Exercise data:
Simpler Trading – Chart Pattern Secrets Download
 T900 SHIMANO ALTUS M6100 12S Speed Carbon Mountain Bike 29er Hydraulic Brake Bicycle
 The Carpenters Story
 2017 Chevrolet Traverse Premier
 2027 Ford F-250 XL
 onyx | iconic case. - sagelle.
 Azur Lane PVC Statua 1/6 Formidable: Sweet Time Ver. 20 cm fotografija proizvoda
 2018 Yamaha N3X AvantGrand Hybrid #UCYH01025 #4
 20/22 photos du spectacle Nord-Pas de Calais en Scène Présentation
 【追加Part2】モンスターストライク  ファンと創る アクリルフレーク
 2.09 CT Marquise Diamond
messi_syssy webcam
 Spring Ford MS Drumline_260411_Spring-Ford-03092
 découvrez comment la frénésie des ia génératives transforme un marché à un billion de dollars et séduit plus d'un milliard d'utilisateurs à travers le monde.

Aim of the task: Please copy the whole of the material exactly as written.

Response area:
Simpler Trading – Chart Pattern Secrets Download
 T900 SHIMANO ALTUS M6100 12S Speed Carbon Mountain Bike 29er Hydraulic Brake Bicycle
 The Carpenters Story
 2017 Chevrolet Traverse Premier
 2027 Ford F-250 XL
 onyx | iconic case. - sagelle.
 Azur Lane PVC Statua 1/6 Formidable: Sweet Time Ver. 20 cm fotografija proizvoda
 2018 Yamaha N3X AvantGrand Hybrid #UCYH01025 #4
 20/22 photos du spectacle Nord-Pas de Calais en Scène Présentation
 【追加Part2】モンスターストライク  ファンと創る アクリルフレーク
 2.09 CT Marquise Diamond
messi_syssy webcam
 Spring Ford MS Drumline_260411_Spring-Ford-03092
 découvrez comment la frénésie des ia génératives transforme un marché à un billion de dollars et séduit plus d'un milliard d'utilisateurs à travers le monde.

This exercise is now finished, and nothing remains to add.